In seinem Beschluss vom 11.09.2019 (Az. L 11 KA 25/19) machte das Landessozialgericht Nordrhein-Westfalen nochmals deutlich, dass die Kassenärztlichen Vereinigungen (KVen) ausschließlich für die Prüfung der sogenannten sachlich-rechnerischen Richtigkeit zuständig sind. Diese Art der Prüfung ist abzugrenzen von der Wirtschaftlichkeitsprüfung, für die die regionalen Prüfungsgremien zuständig sind und gerade nicht die KVen.

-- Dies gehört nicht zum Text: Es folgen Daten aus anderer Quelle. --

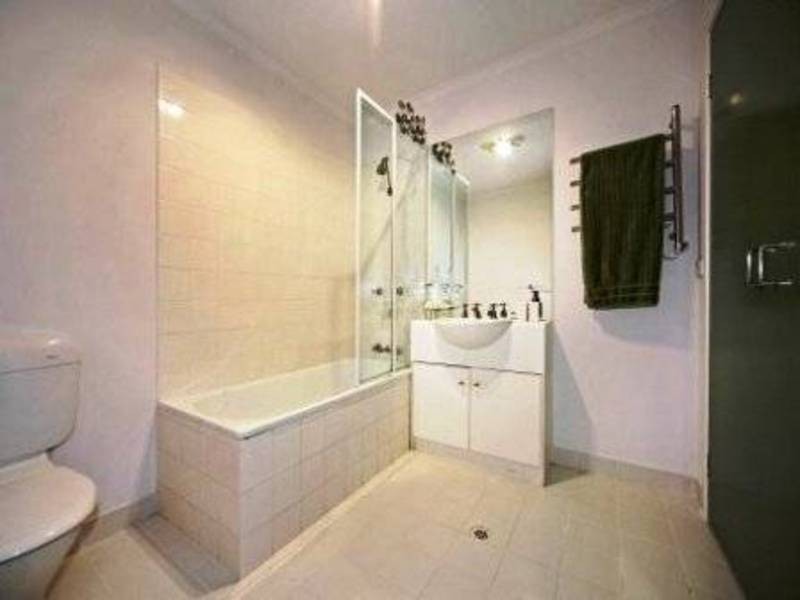 1/18 Ireland Street, West Melbourne VIC 3003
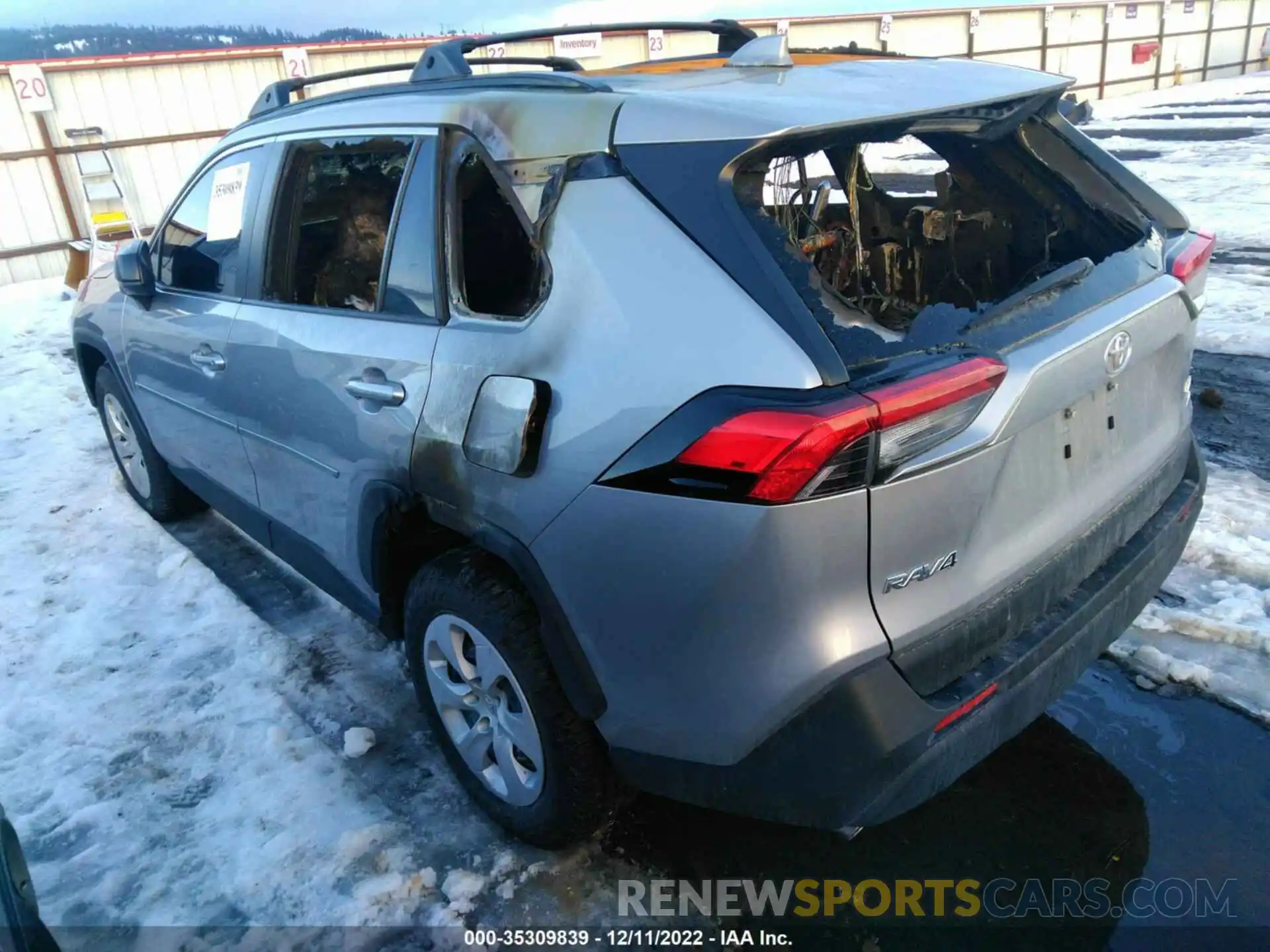 3 Photograph of a damaged car JTMF1RFV2LD059501 TOYOTA RAV4 2020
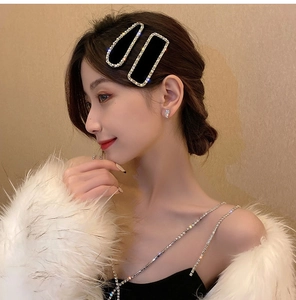 Gros plan de barrettes à cheveux noires élégantes avec strass brillants sur un modèle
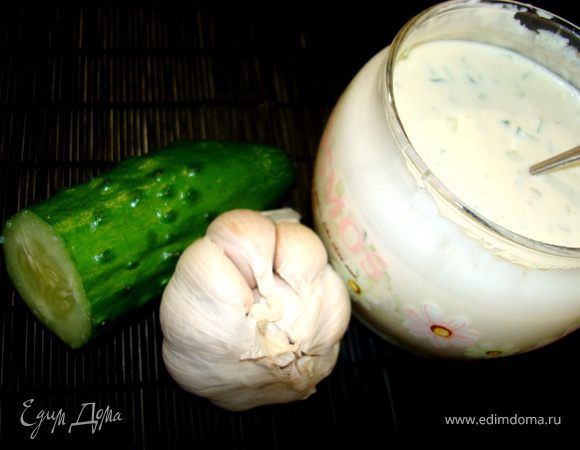  В мисочке растереть с солью чеснок и добавить все остальные ингредиенты для соуса. Оливковое масло влить в последнюю очередь и хорошо перемешать. Добавить очень мелко порезанные маслины. Соусу также дать настояться на менее 2 часов.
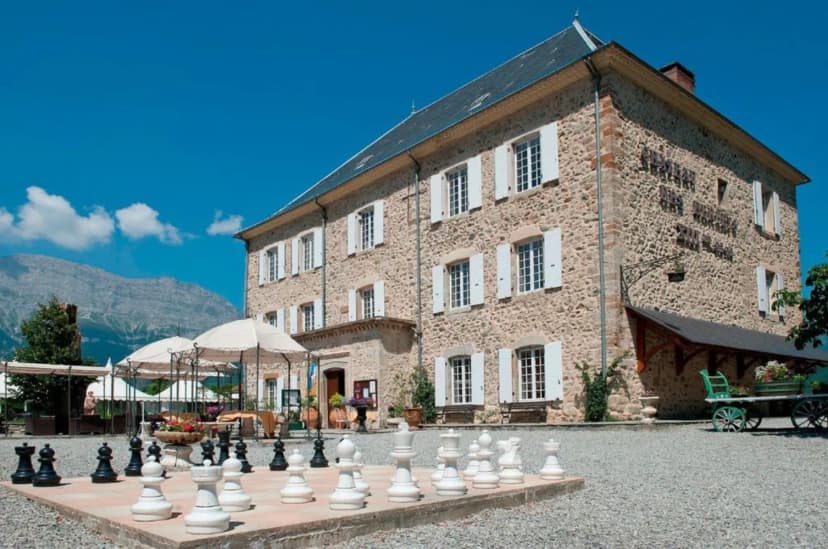 Hôtel Château Des Herbeys — photo 1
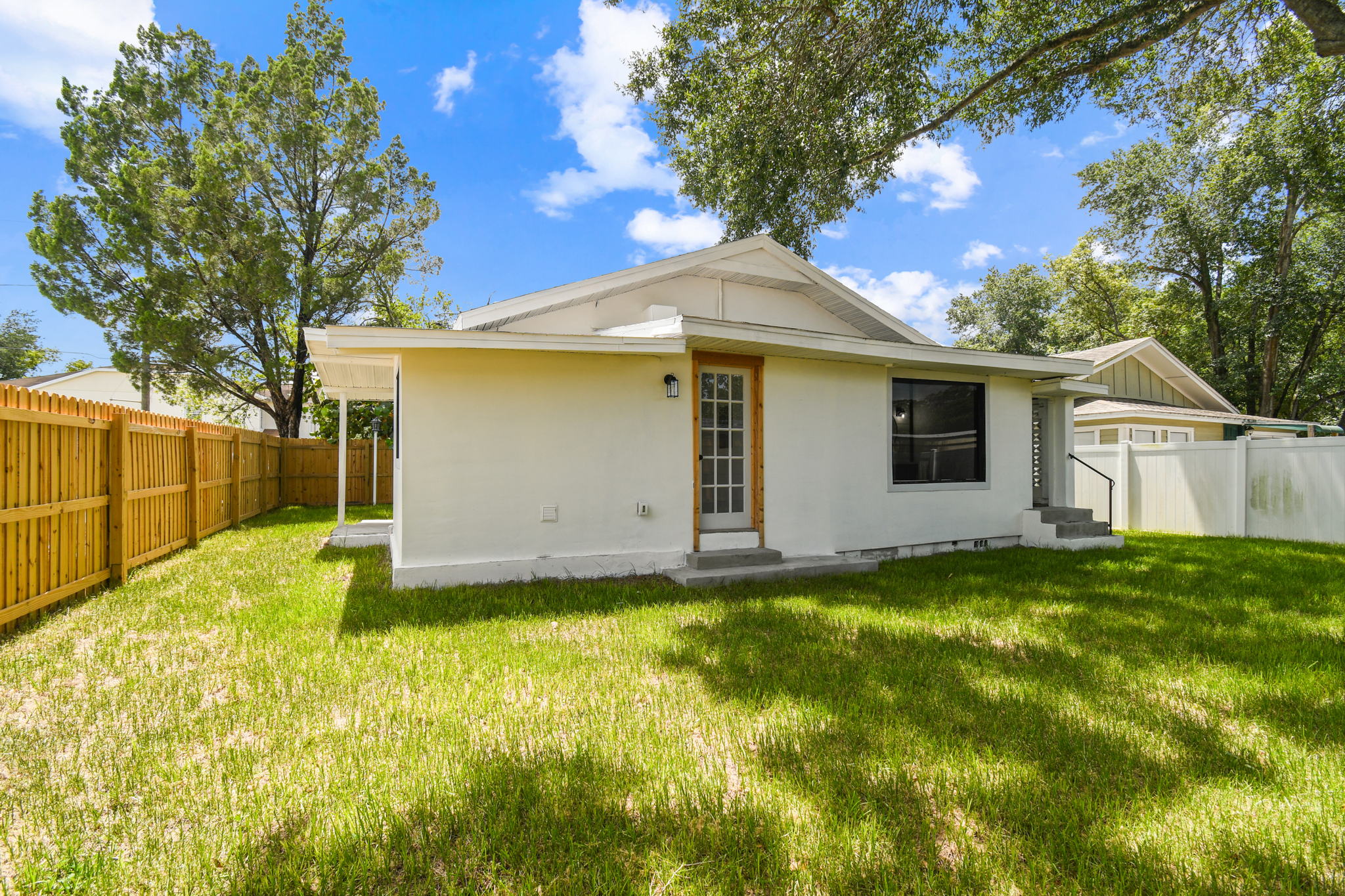 8-8405 N Arden Ave Tampa, FL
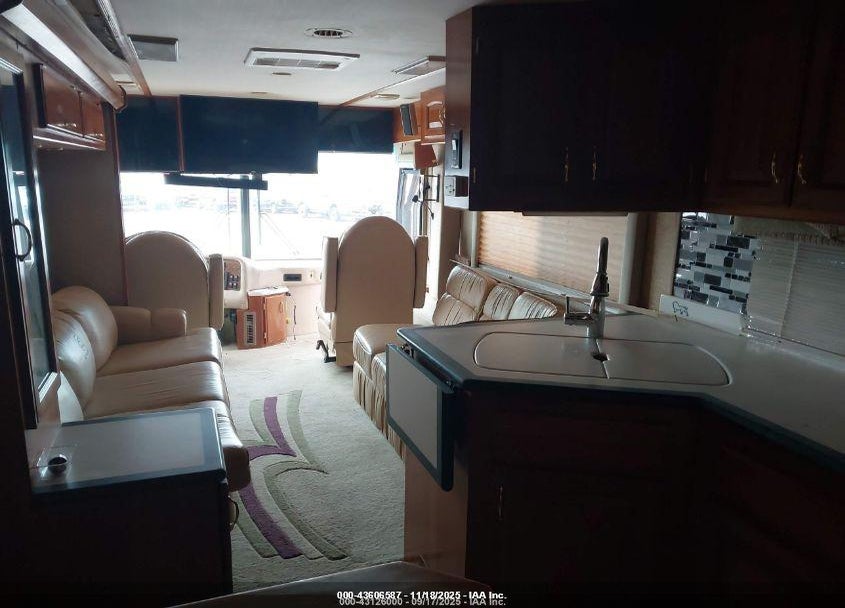 2000 SAFARI MOTERCOACH VIN: 4SLD9HR21Y1114119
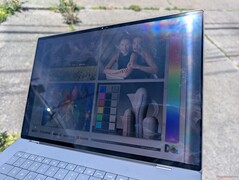 阳光直射下的室外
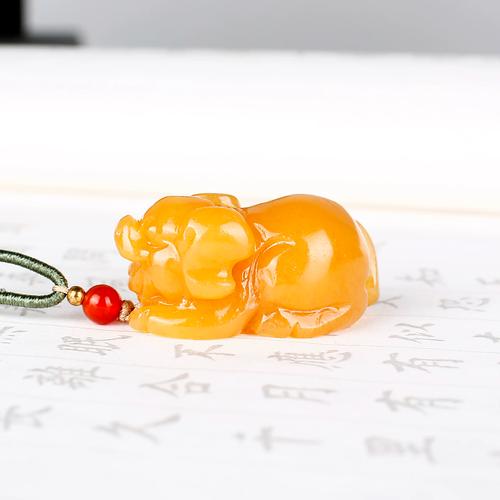 属猪2026年戴什么饰品最旺？招财化煞全攻略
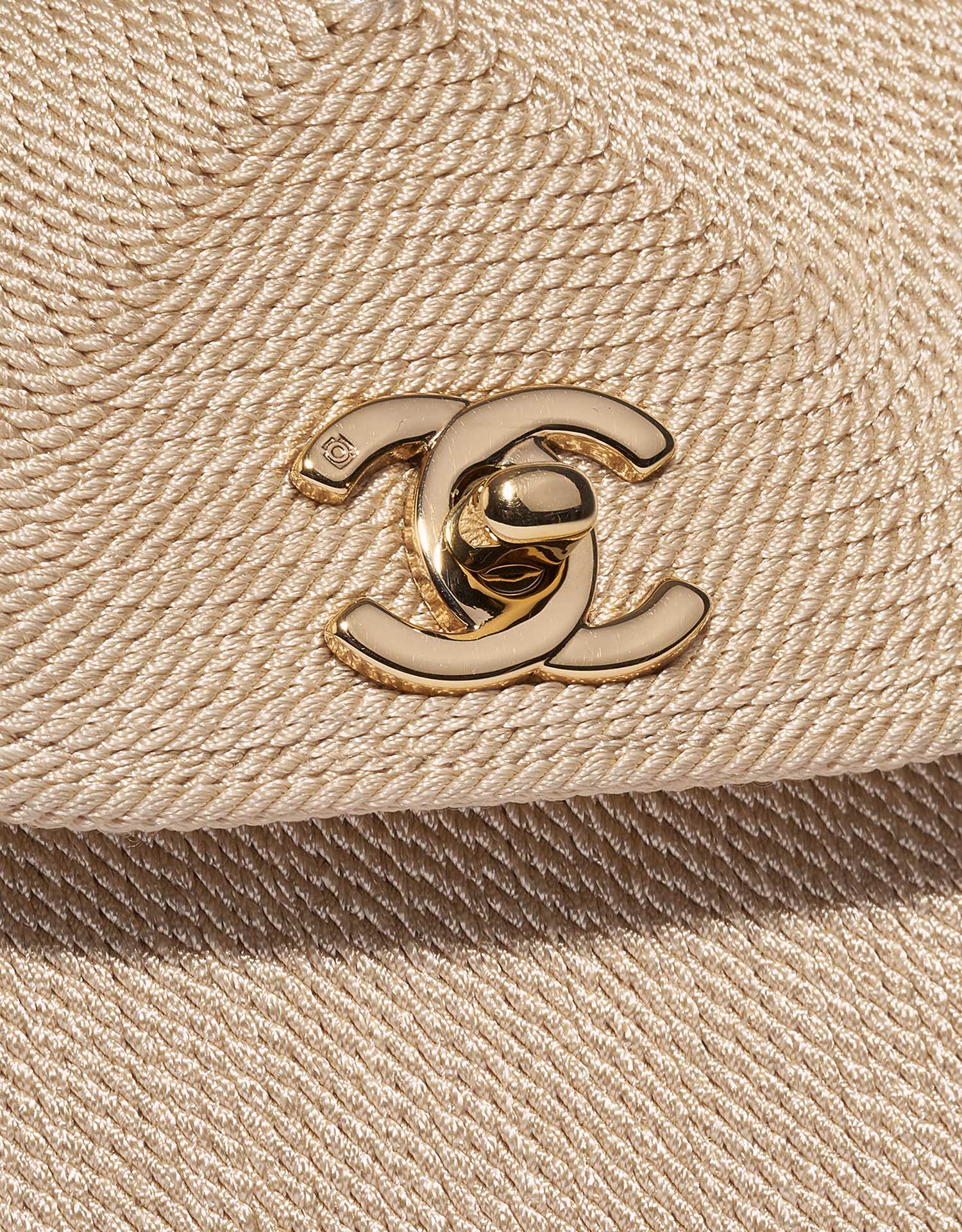 Pre-owned Chanel bag Timeless Handle Medium Silk Beige Beige Closing System | Sell your designer bag on Saclab.com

Anlass dieser erneuten Klarstellung durch das Landessozialgericht war die Honorarrückforderung einer KV, die darauf basierte, dass Leistungen der Früherkennung neben solchen der Palliativversorgung nicht abrechenbar seien. Nach Auffassung der KV könne die Zielrichtung der Früherkennungsuntersuchungen (betroffen waren die Gebührenordnungspositionen 01732, 01745, 01746 sowie 32880 des Einheitlichen Bewertungsmaßstabs) bei Palliativpatienten nicht mehr erreicht werden.
Sowohl das erstinstanzlich zuständige Sozialgericht Düsseldorf (Urteil vom 30.01.2019, Az. S 33 KA 393/15) als auch das Landessozialgericht hoben den Honorarbescheid der Beklagten (KV) auf. Die KV sei für diese Art der Prüfung (Wirtschaftlichkeitsprüfung) nicht zuständig. Prüfthema sei vorliegend die medizinische Sinnhaftigkeit der erbrachten Leistung, dies sei vergleichbar mit der Erbringung medizinischer Leistungen ohne entsprechende Indikation. Es liege damit eine sog. Wirtschaftlichkeitsprüfung vor. Der Auffassung der KV, dass sie im Rahmen ihrer Abrechnungsprüfung auch zu Korrekturen im Zuge einer Wirtschaftlichkeitsprüfung berechtigt sei, erteilte der Senat unter Berufung auf die einschlägige Rechtsprechung des Bundessozialgerichts (z.B. Urteil vom 18.08.2010, Az. B 6 KA 14/09 R) eine Absage. Das Sozialgericht Düsseldorf hatte darüber hinaus seine abweisende Entscheidung auch damit begründet, dass der Anspruch von Versicherten auf Leistungen zur Früherkennung von Krankheiten weder von einem Gesundheitszustand noch von einer Altersgrenze abhängig gemacht werden könne. Auch ein Beschluss des Vorstands der KV bilde keine rechtliche Grundlage für eine sachlich-rechnerische Richtigkeitsprüfung, sondern sei allenfalls als Interpretationshilfe zu verstehen, argumentierte die  33. Kammer des Sozialgerichts Düsseldorf weiter.